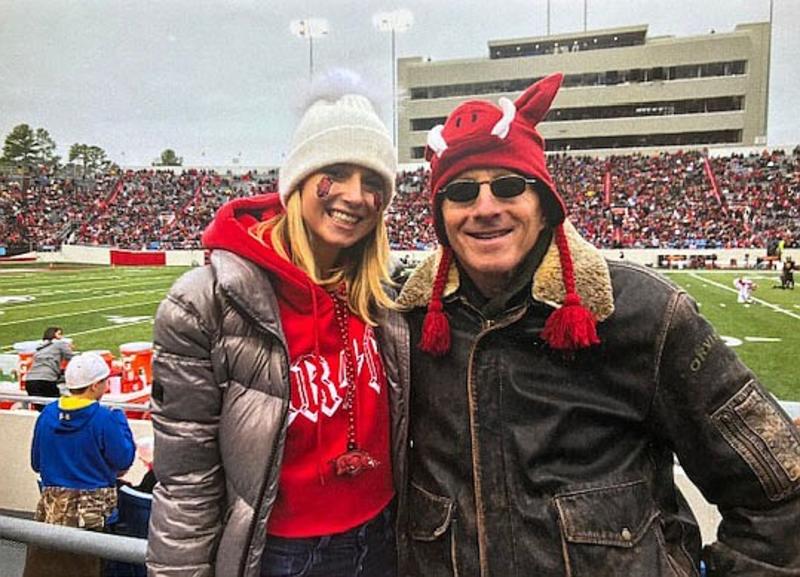 An ode to War Memorial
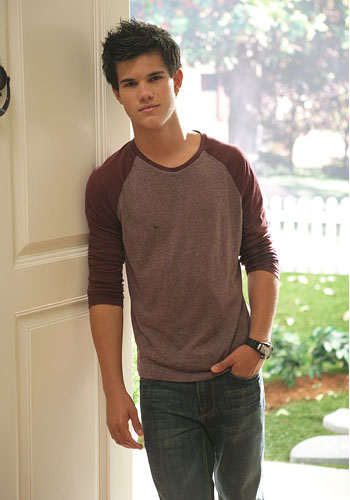 taylor-before.jpg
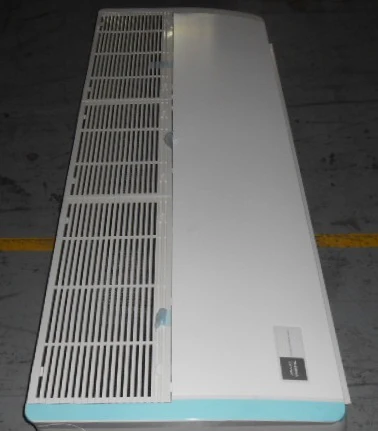 3 Ton Ac/HP Indoor Mini-Split Unit, 20.4 Seer 208-230/60/1 R-410A - Image 3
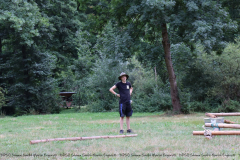 Gruppenlager Sippe Adler Brexbachtal 2020 - 0290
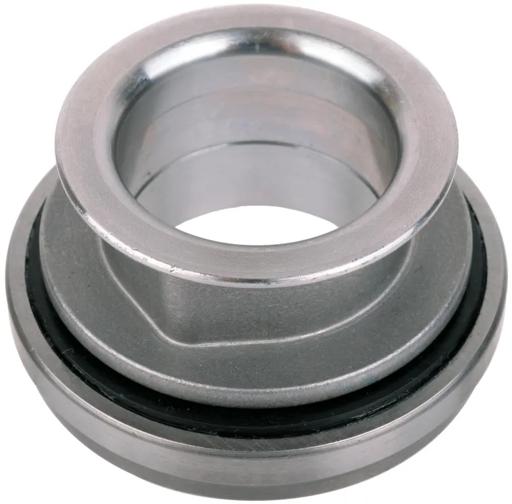 SKF - SKFN1714-SA - N1714-SA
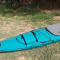 Kayak (used)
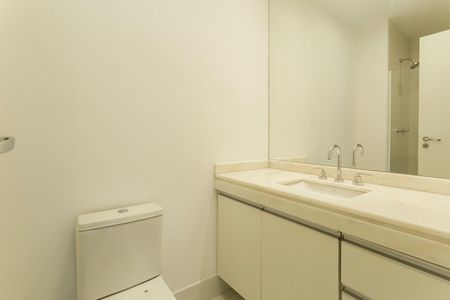 Apartamento à venda com 76m², 2 quartos e 1 vagaBanheiro
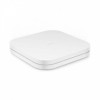 SMART TV приставка Xiaomi Mi TV box 4 (белый) - 2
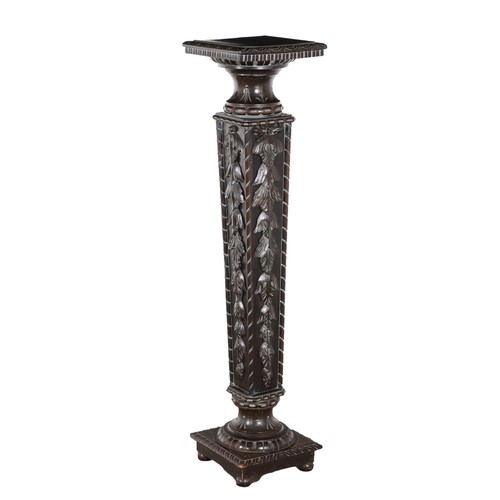 Colonna antica stile - colonna,
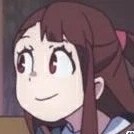 sansanba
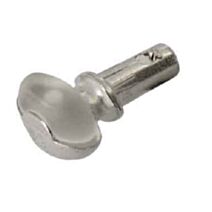 8 taquets d5mm - VYNEX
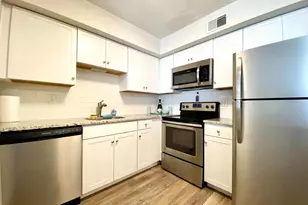 5200 Hilltop Dr, Brookhaven, PA 19015 - Photo 43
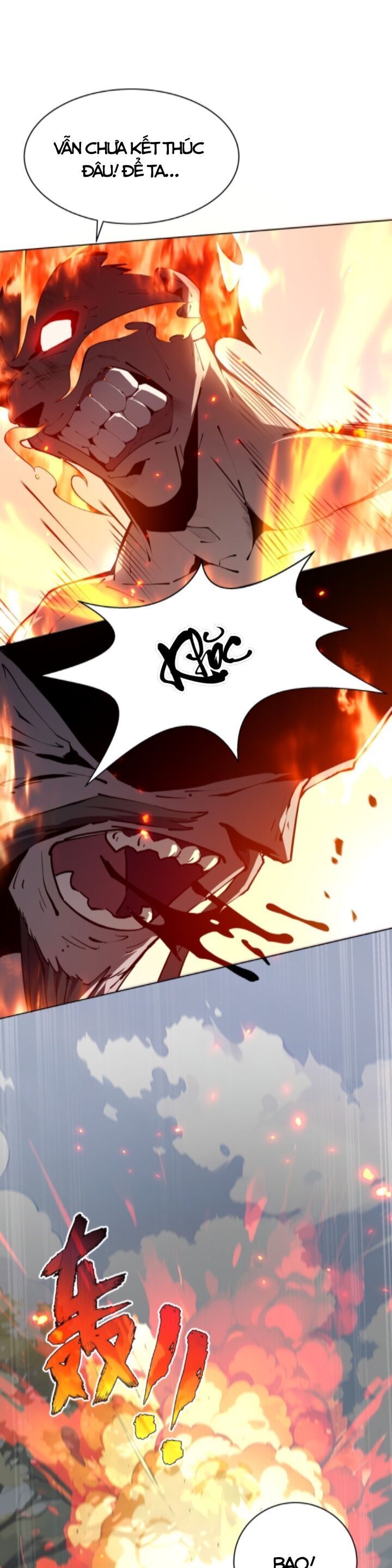 đọc truyện Ta Ký Kết Khế Ước Với Chính Mình Chương 36 ảnh 29 tại Thiên Thai Truyện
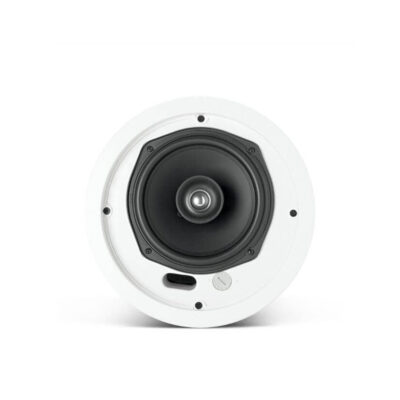 Loa Âm Trần JBL Control 26CT Giá Rẻ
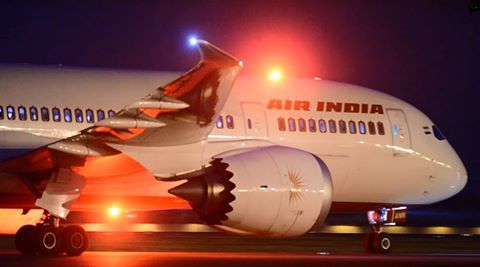 airindia 480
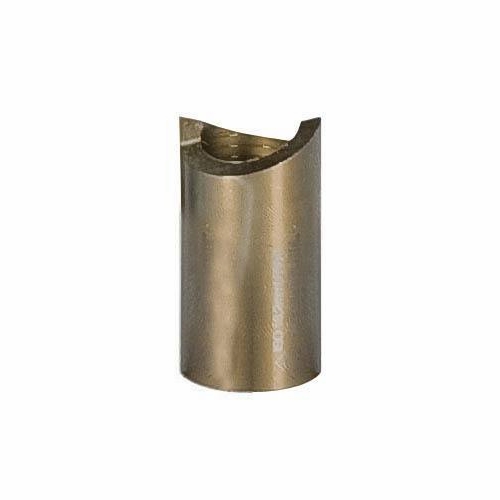 GREENLEE 4599 PUNCH-ISO 16 (UPC) 50045997/783310045991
==========
Each line above that falls between the line with "SKF - SKFN1714-SA - N1714-SA" and the line with "5200 Hilltop Dr, Brookhaven, PA" should be printed exactly, together with those two lines, but the pictures should not.

 SKF - SKFN1714-SA - N1714-SA
 Kayak (used)
 Apartamento à venda com 76m², 2 quartos e 1 vagaBanheiro
 SMART TV приставка Xiaomi Mi TV box 4 (белый) - 2
 Colonna antica stile - colonna,
 sansanba
 8 taquets d5mm - VYNEX
 5200 Hilltop Dr, Brookhaven, PA 19015 - Photo 43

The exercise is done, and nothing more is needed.